At 24 and 26 respectively, Joey and Vannessa are as young as the waiters and waitresses they employ. Yet, they are already owners of 2 successful restaurants – A Poke Theory & Alter Ego – housed under the F&B group, Tandem Collective.

Interested to find out more about their success, I reached out to Joey to uncover the secret behind what makes A Poke Theory so popular, despite having opened for only a year.

Joey is an interesting dude. To me, he feels “unusually ambitious”, a person who has strong ambitions for the future, yet it is not show-offy, not like a Steve Jobs or a Gary Vaynerchuk-type of person. There is a kind of quiet strength to him, a “I’ll prove you wrong” vibe but this sentiment is not expressed aggressively.
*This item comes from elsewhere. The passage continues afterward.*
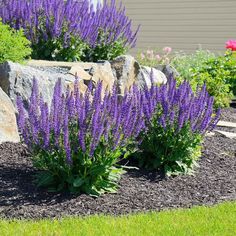 purple flowers are growing in the garden next to a rock and grass lawning area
Joey and Vannessa. Credits: Vulcan Post

Anyway, Joey’s secret ingredient is surprisingly simple: be relentlessly obsessed with your customer.

By that I mean – always have the customer experience in mind, and continue to discover what they want and how to give it to them.

This is not a checklist item. You can’t just create a task called “obsess with customers” and then check it off after conversing with a few of them in your restaurant. It HAS to be fully embodied in your culture and values, a perpetual process you follow to give them the ultimate experience of dining in your restaurant.

Below, you’ll see 3 particular stories where they showed off their customer obsession, making tweaks that eventually cemented their brand.

Note: Looking for a simple way to get customer feedback so you can design the best customer experience for them? Try CandyBar free today.

Customer Obsession #1: “Free Sauce Theory”

When A Poke Theory first started, it was just like any other restaurant. Order your poke bowl, choose your sauce and the service staff would do it for you.

However, upon close observation, Joey began realizing that customers kept coming back after ordering, complaining that their poke bowls were too dry, and needed more sauce.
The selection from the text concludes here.